**Assigned task**
Return only the lines below starting at the line containing "-达爱动物医院·犬猫分区·CT·复杂眼科(远洋山水分院)" and ending at the line containing "圍觀！梅雨季防潮除了除濕器還有這些妙招", both included, exactly as they are and with no pictures.

**Input material**
- - -

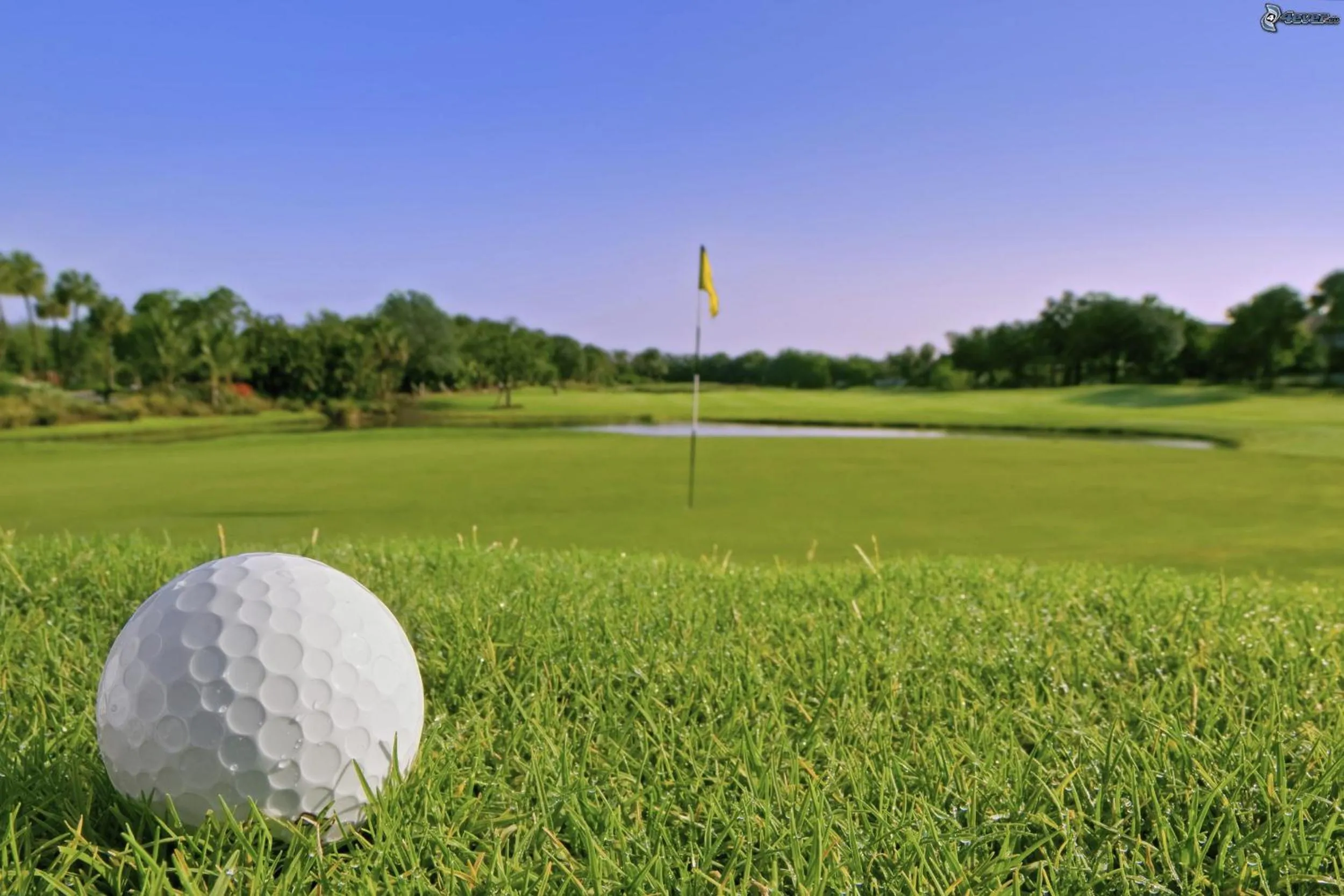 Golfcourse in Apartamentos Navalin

- - -

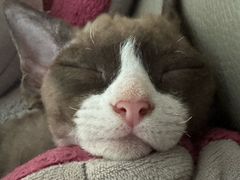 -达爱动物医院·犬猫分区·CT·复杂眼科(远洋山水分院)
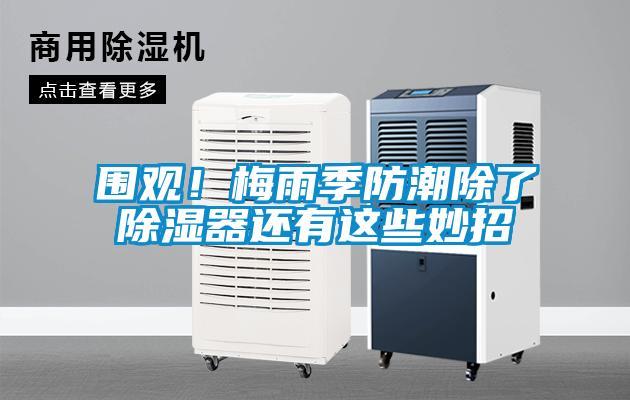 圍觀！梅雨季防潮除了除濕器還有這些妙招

- - -

**Task solution**
 -达爱动物医院·犬猫分区·CT·复杂眼科(远洋山水分院)
 圍觀！梅雨季防潮除了除濕器還有這些妙招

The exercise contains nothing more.